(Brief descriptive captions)
******************************
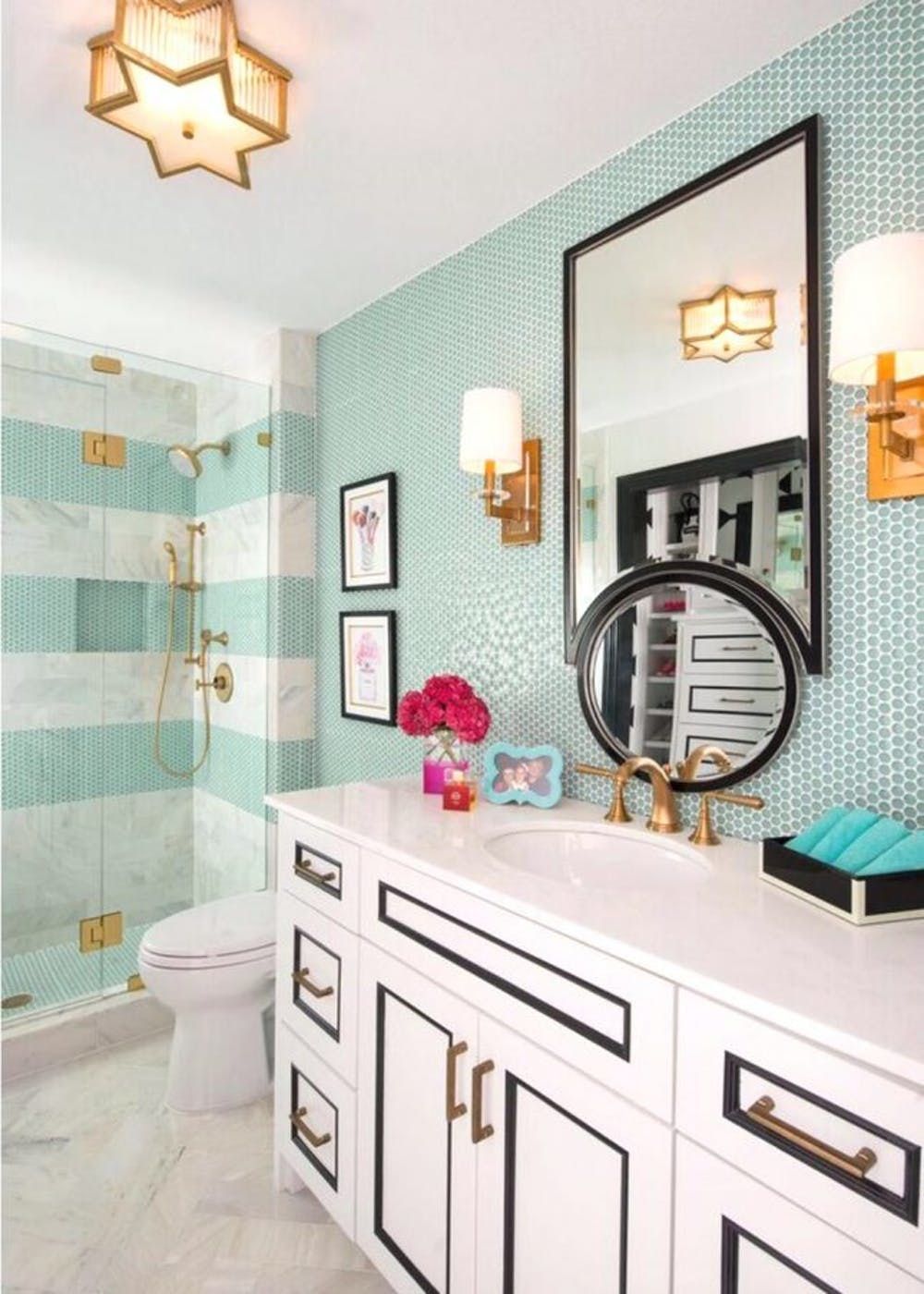 11 Bold and Beautiful Kate Spade New York-Inspired Bathroom Ideas - Brit +  Co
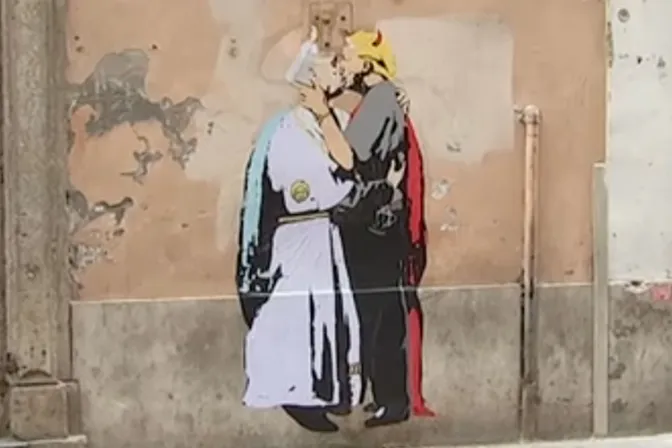 Realizan pinta ofensiva que presenta a Trump besando al Papa Francisco en Roma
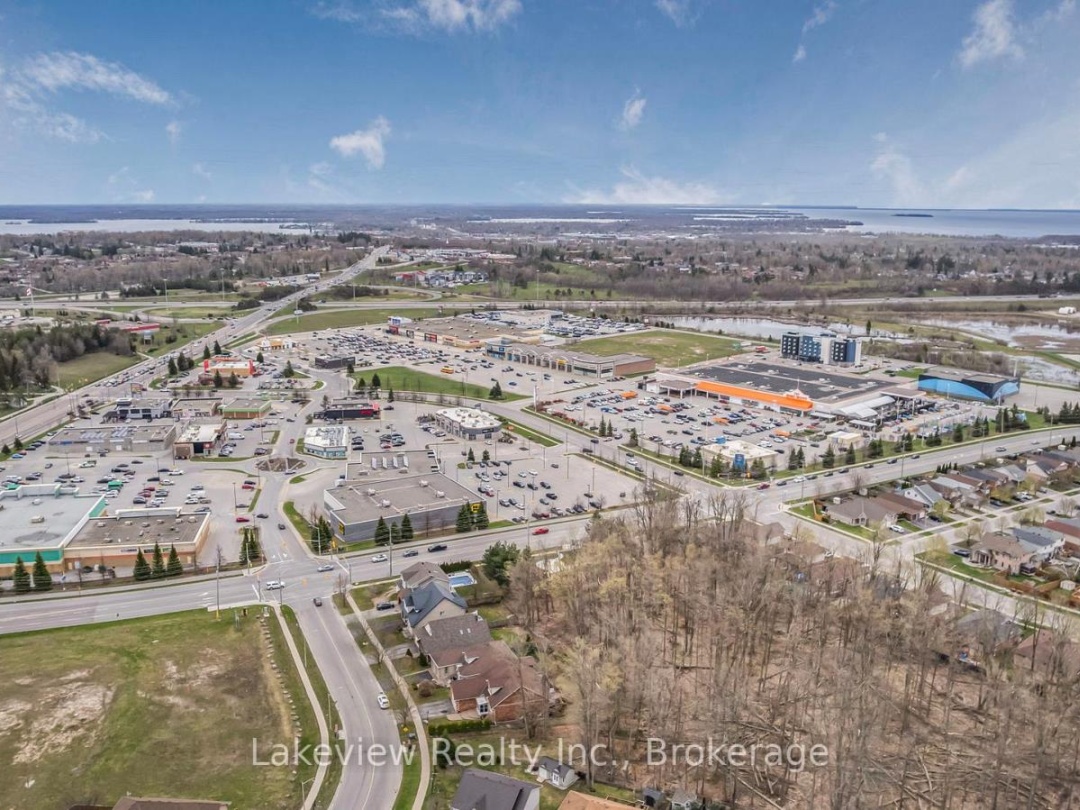 31 CLEOPATRA COURT, Orillia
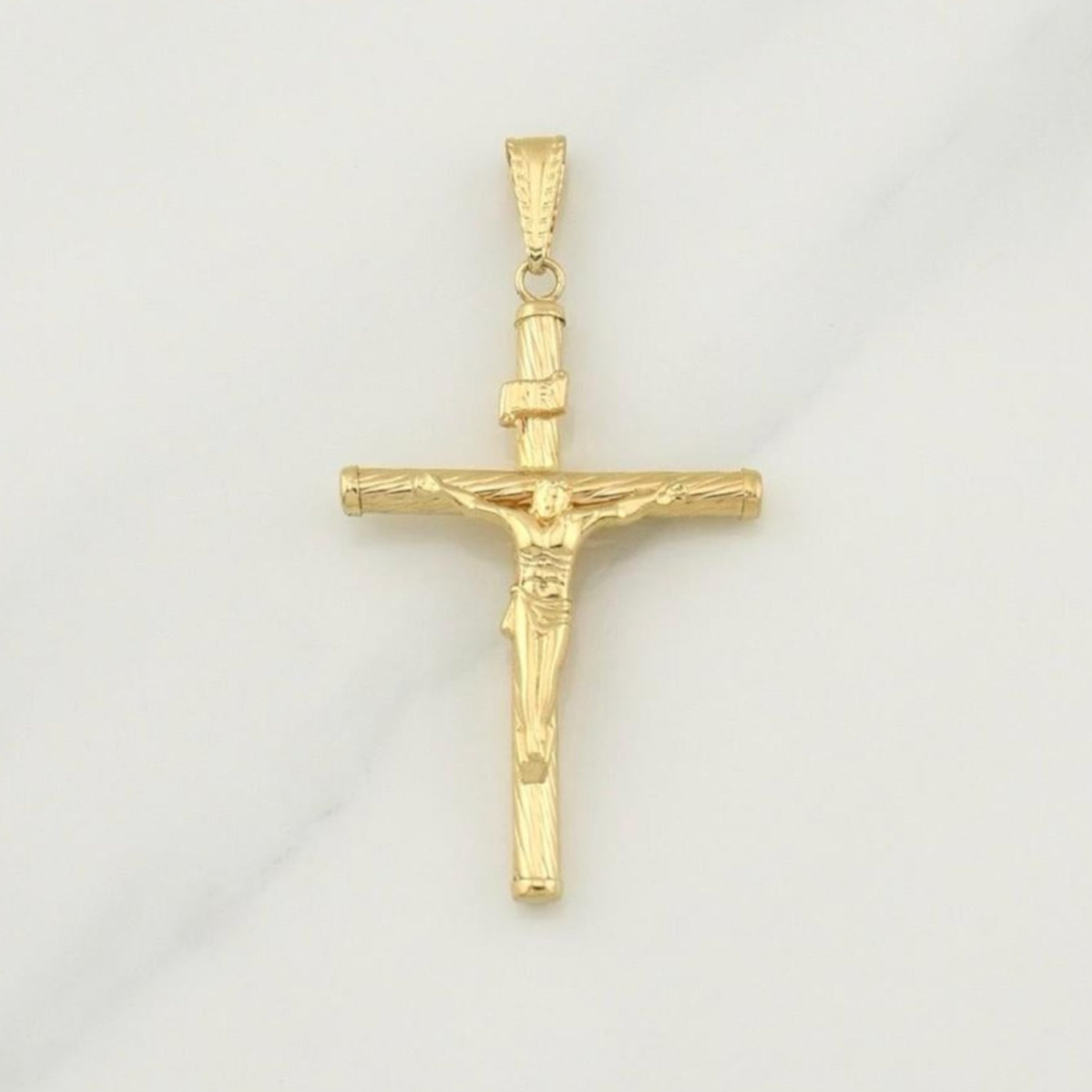 Dije Cruz Cristo 1.65 g / 2 in Oro Amarillo 18K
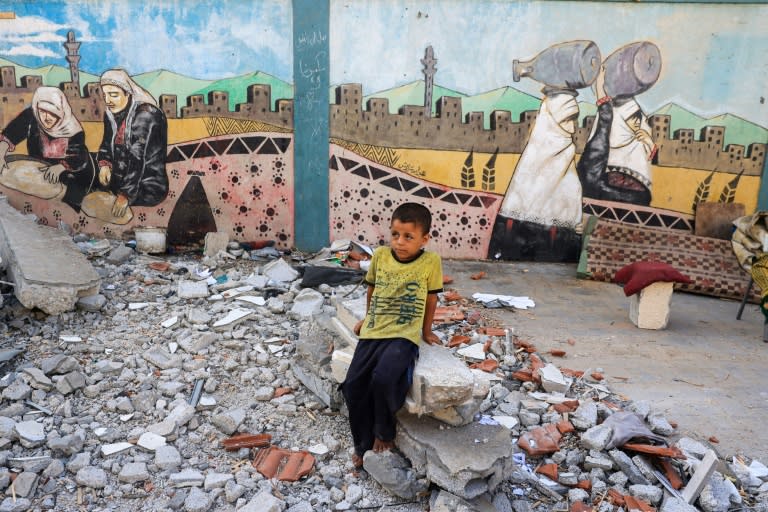 Un niño se sienta sobre los escombros de una escuela gestionada por la ONU convertida en albergue temporal para refugiados tras un bombardeo israelí, el 9 de julio de 2024 en Nuseirat, en el centro de Gaza (Eyad Baba)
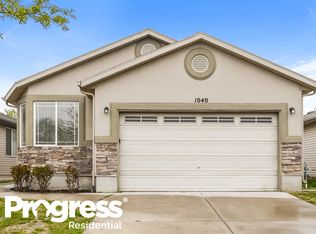 1040 W York Dr, North Salt Lake, UT 84054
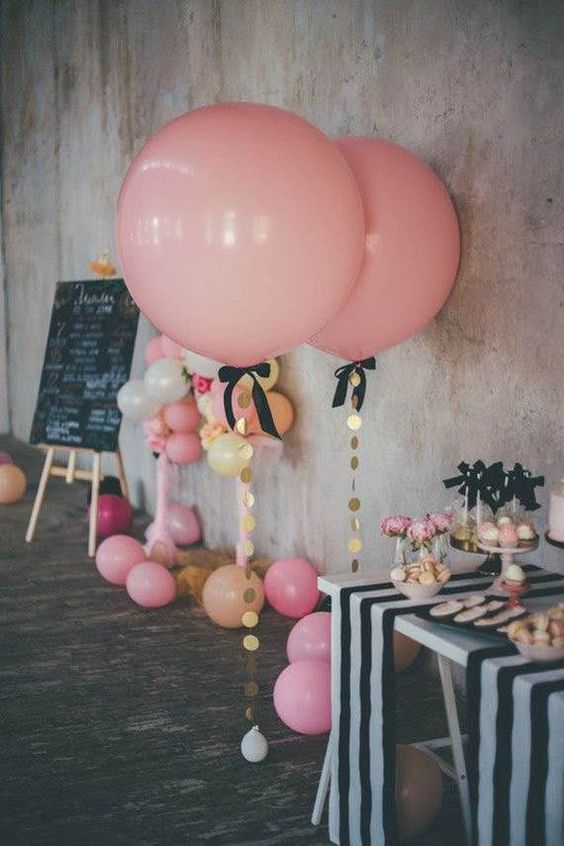 Wedding decorations with balloons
******************************
Retype each line of the data exactly, beginning with the first; include the line containing "Un niño se sienta" and stop there, skipping every picture.

ANSWER TO THE EXERCISE
 11 Bold and Beautiful Kate Spade New York-Inspired Bathroom Ideas - Brit +  Co
 Realizan pinta ofensiva que presenta a Trump besando al Papa Francisco en Roma
 31 CLEOPATRA COURT, Orillia
 Dije Cruz Cristo 1.65 g / 2 in Oro Amarillo 18K
 Un niño se sienta sobre los escombros de una escuela gestionada por la ONU convertida en albergue temporal para refugiados tras un bombardeo israelí, el 9 de julio de 2024 en Nuseirat, en el centro de Gaza (Eyad Baba)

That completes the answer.